There are of course more functions (mainly in regards to manipulating
builtin data-structures), however we can notice that the language itself
is quite small. Even the given base forms are quite low level, with the
def forms lacking even optional arguments to take!

Thus to make a function that takes any amount of arguments, we'd have
to write.

(def factorial
    (lambda (x)
      (case (>= 0 x)
        :true  1
        :false (+ x (factorial (- x 1))))))

Which is not very ergonomic, as our main way to define a function is not
able to take any arguments, we can derive it with the functions derived
in Appendix D.

(defmacro defun (name arguments body)
  `(def ,name (lambda ,arguemnts ,body)))

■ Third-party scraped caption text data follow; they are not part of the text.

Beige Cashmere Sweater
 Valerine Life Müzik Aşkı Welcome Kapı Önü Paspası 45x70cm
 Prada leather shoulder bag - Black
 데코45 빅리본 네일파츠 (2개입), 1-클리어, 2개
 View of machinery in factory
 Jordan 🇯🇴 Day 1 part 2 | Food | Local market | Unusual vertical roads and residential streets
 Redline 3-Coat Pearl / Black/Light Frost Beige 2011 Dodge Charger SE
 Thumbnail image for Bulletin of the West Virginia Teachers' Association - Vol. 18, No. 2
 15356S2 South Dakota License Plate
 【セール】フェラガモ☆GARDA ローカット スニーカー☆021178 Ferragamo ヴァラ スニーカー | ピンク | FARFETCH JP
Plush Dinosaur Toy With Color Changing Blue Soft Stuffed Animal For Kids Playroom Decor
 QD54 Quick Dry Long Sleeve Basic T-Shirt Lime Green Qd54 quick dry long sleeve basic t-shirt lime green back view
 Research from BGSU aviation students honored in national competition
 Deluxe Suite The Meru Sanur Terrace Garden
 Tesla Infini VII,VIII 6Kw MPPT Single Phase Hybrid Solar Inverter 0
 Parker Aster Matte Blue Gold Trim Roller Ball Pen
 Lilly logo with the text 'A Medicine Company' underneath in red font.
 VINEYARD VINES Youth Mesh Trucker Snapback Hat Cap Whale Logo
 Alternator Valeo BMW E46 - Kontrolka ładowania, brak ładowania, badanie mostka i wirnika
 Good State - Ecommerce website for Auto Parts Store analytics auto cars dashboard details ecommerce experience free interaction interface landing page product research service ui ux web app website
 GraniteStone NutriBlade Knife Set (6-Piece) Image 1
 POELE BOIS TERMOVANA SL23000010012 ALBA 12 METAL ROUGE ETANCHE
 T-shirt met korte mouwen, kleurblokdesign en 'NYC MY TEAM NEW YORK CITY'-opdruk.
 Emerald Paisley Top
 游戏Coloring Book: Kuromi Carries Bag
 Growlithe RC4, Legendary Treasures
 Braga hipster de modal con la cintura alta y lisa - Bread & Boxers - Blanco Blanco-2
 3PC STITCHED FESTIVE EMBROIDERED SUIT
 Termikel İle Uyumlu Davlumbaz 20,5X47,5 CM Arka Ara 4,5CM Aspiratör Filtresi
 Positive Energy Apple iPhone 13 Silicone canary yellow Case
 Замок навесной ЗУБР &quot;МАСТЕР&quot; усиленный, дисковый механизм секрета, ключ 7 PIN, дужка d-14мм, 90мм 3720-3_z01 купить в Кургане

(defmacro if (pred then else)
  `(case ,pred
     :true ,then
     :else ,else))

(defun factorial (x)
  (if (>= 0 x)
      1
      (+ x (factorial (- x 1)))))

Now, we can see that the factorial function is defined like we'd expect
in a high level language.

Even the function/macro defmacro is defined from macro which is
defined from def. Due to how this language can grow, we can from a
small core, derive a full blown ergonomic high level language.

Deriving Types in S-Juvix

Typing is traditionally done by making sequent calculus rules and
deriving the syntax one wants from there. Likewise we can apply typing
rules upon the primitives of this language. Thus if we can do this, then
all that remains to be seen, is how would we extend the language with
enough information to support explicit declarations and places for the
typechecker to insert type information.

Thus I present one example strategy for including type-signatures with
global definitions

(defmacro sig (name type)
  (let ((name-generated
          (gensym (symbol-append name `signature))))
    `(do
      (def ,name-generated ,type)

      (set-meta-data ,name
       (insert (meta-data ,name)
               :type
               ,name-generated))

       (set-meta-data ,name-generated
                      (insert (meta-data ,name-generated)
                              :siganture
                              :true))
       ,name-generated)))

In this example, we abuse the fact that each global definition has a
meta-data slot, we use this to refer to the new signature. We also
define the signature as a normal declaration. We can see an example
usage here

(sig factorial (-> int int))
(defun factorial (x)
  (if (>= 0 x)
      1
      (+ x (factorial (- x 1)))))

Thus, the syntax of the language can be extended properly with a typing
system that Juvix Core will manipulate.

More examples of this kind of extension can be found in Appendix C.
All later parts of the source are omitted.